En 2020, Daniel Křetínský a cédé 53% de ses parts dans l’énergéticien tchèque détenues, via une société luxembourgeoise, à sa nouvelle holding tchèque pour 2,4 milliards d’euros. (Photo: EPH)

En 2020, Daniel Křetínský a cédé 53% de ses parts dans l’énergéticien tchèque détenues, via une société luxembourgeoise, à sa nouvelle holding tchèque pour 2,4 milliards d’euros. (Photo: EPH)

Jamais avares d’enquêtes sur l’optimisation fiscale au Luxembourg, les journalistes du Monde pourraient s’arrêter une minute sur les comptes d’un de leurs actionnaires, le Tchèque Daniel Křetínský, qui à l’occasion de la réorganisation de son groupe, a réalisé une belle opération fiscale en 2020.

Les quatre unités britanniques de production d’électricité de Daniel Křetínský lui ont fait perdre 23,1 millions d’euros l’an dernier, s’alarment les journalistes du Times, dans un article, ce lundi. Qu’ils se rassurent, le milliardaire tchèque poursuit son «marché», principalement selon deux axes, l’énergie et la grande distribution.
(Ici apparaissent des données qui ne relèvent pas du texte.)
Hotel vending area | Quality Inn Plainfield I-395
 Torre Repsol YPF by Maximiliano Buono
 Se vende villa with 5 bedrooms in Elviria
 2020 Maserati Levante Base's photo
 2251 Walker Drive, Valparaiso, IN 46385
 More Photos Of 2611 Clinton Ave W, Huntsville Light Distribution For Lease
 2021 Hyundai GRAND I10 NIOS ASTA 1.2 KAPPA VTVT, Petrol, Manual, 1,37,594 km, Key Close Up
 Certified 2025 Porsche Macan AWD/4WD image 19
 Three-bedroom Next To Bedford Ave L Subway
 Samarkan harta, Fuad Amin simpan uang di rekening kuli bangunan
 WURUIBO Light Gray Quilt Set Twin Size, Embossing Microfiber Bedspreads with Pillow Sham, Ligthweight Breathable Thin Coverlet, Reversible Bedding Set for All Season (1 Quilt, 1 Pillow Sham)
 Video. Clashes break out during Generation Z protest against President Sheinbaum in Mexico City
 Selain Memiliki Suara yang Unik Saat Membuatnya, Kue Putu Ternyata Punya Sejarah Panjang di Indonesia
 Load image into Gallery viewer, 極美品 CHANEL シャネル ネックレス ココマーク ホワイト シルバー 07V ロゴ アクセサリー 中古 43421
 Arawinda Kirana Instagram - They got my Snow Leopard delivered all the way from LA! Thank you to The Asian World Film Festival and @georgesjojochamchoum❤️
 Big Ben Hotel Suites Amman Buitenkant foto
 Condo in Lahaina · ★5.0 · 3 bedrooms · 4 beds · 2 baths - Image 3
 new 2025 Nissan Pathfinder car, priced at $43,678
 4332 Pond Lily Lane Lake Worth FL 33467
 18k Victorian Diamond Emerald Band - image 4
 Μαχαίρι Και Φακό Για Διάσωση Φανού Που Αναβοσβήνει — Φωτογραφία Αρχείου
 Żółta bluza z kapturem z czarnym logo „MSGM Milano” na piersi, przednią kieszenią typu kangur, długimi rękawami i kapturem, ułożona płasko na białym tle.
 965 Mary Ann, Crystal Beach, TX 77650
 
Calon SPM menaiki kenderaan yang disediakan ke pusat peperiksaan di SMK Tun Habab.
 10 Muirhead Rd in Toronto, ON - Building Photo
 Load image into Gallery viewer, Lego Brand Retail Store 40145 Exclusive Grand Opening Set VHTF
Rien que ses 9,99% dans Sainsbury’s, détenus via la luxembourgeoise Vesa Equity (qui abrite aussi des parts de Casino, Foot Locker, Macy’s, Royal Mail ou PostNL) ont compensé ce manque à gagner depuis que le géant des supermarchés est l’objet des convoitises des fonds d’investissement depuis fin août. Et ce n’est qu’une partie de l’image, comme en témoignent les comptes de ses sociétés luxembourgeoises.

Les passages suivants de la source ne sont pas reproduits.